Today’s Zaman, January 19, 2008
http://www.todayszaman.com/columnist-131945-cyprus-history-from-1960-to-2008-9.html
This degrading retreat forced Gen. Georgio Grivas to abandon his dreams of taking the Erenköy beachhead from the Turkish Cypriots. The UN called for a cease-fire and it was agreed to by both parties.
The various statements made by Archbishop Makarios in 1964 clearly explain the cause of the conflict on the island and his dream of taking a seat in history as the “architect of enosis” (or union with mainland Greece). On March 25, 1964, in a statement to German daily Sudetendeutsche Zeitung, he said, “With regard to the solution of the Cyprus problem, the union of Cyprus with Greece is the wish of the Cypriot people and myself.”

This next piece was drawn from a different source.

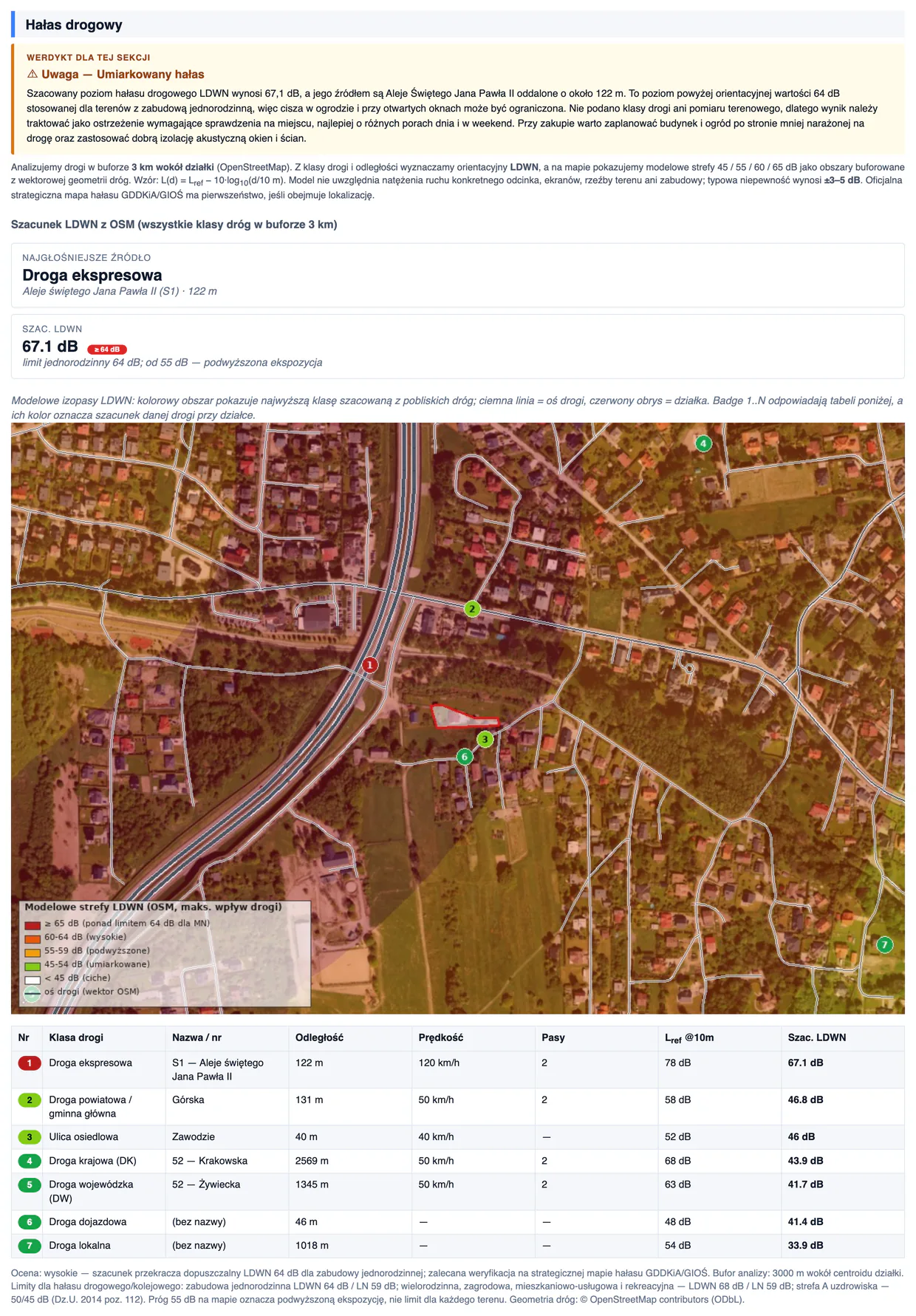 Aktualna mapa modelowych stref hałasu drogowego przy działce, z trasą S1 i szacunkiem LDWN 67,1 dB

On Aug. 21, 1964 he declared to the Mahi newspaper: “My ambition is to accomplish the union of Cyprus with Greece. … I will unite integrally with Greece and then the borders of Greece will extend to the shores of North Africa.”
On Sept. 20, 1964 he told The Washington Post: “I want something higher than being a temporary president of Cyprus. My ambition is to connect my name with history as the architect of enosis.”
The basics of the “Megali Idea,” or Great Idea, can easily be seen in his statements. It was only three years before that he had sworn officially and publicly to keep and cherish “the independence of Cyprus.” But his real dream was to bury the Republic of Cyprus and realize Greece’s dream of enosis.
Had the 1960 independence been believed in by the Greek Cypriots and accepted as an end in itself, there would be no Cyprus problem today.
Speaking at the Paralimni Church on Sept. 3, 1964, Makarios said: “What is our desire? We have proclaimed it many times: Our union with the motherland, eternal Greece. What will our reply be if such a solution is made difficult and if some think compromises are required or that something should be given in return? ‘No,’ is the reply, and the struggle will continue until full justification.”
This is the main reason the Cyprus problem has still not been settled today, in the year 2008. Nothing will change until Greek Cypriot leaders and leading politicians change their minds and abandon the holy oath of Makarios given to the Orthodox Church of Cyprus in the year 1950.
The attacks in the year 1963 and 1964 were a combined effort of secret Greek Cypriot armies, the Greek Cypriot police and mainland Greek officers. Greece always took the side of Makarios, politically and militarily.
The onslaught on the Turkish Community was, according to Greek Prime Minister Andreas Papandreu, “no onslaught at all.” The Greek side maintained, “It is not a cause for action under the Treaty of Guarantee for the Preservation of Independence.”
Each time Turkey moved to prevent a bloodbath in Cyprus, Greek representatives joined with the Greek Cypriot leadership in protesting against “outside interference in the internal affairs of Cyprus.”
According to Greece, the elimination of Turks from Cyprus (under the false claim that the Turks had rebelled) was an internal affair for Makarios, and Turkey had no right, moral or otherwise, to come to the aid of the Turkish Cypriots. But Greece itself was already in Cyprus — at the invitation of Makarios — with 15,000 Greek troops.
And at a luncheon party in honor of the visiting Greek defense minister on Oct. 27, 1964, Archbishop Makarios was quoted in the local press as follows: “Greece has become Cyprus and Cyprus is Greece. I firmly believe that the Pan-Hellenic struggle for the union of Cyprus with fatherland Greece will shortly be crowned with success, and its success will serve as the beginning of a new era of Greek grandeur and glory.”
Turkey, fully aware of the complicity of the Greek Government in this diabolical plan to unite Cyprus with Greece, raised its voice in conjunction with the Turkish Cypriots. Turkish officials stated: “If union with Greece was the aim, then the Turkish Cypriots should be left out of it. … Turkish Cypriots, who owned 30 percent of the registered land and were one-fifth of the population of Cyprus, did not want to be colonized by Greece. They must cede to Turkey.” The clear answer and reaction to enosis was a double-enosis.
This Turkish answer to enosis, which Greece was actively pursuing in Cyprus, was to be used over and over again both by Greece and Greek Cypriot leaders “as proof of the partitionist aims of Turkey”! And Makarios was to clearly come out with his objection to giving any rights to the Turks in Cyprus in November 1964.
On Nov. 21, 1964, Archbishop Makarios said to the Phileleftheros newspaper: “I am for enosis and shall always stand for it. But it must be genuine enosis without curbs or strings.” Any right recognized for the Turks in Cyprus in return for agreeing to enosis would detract from the genuineness of enosis. On Nov. 24, 1964, he made his point even more clear. “I emphasized that the union of Cyprus with Greece must be a union of the whole island, including all areas.”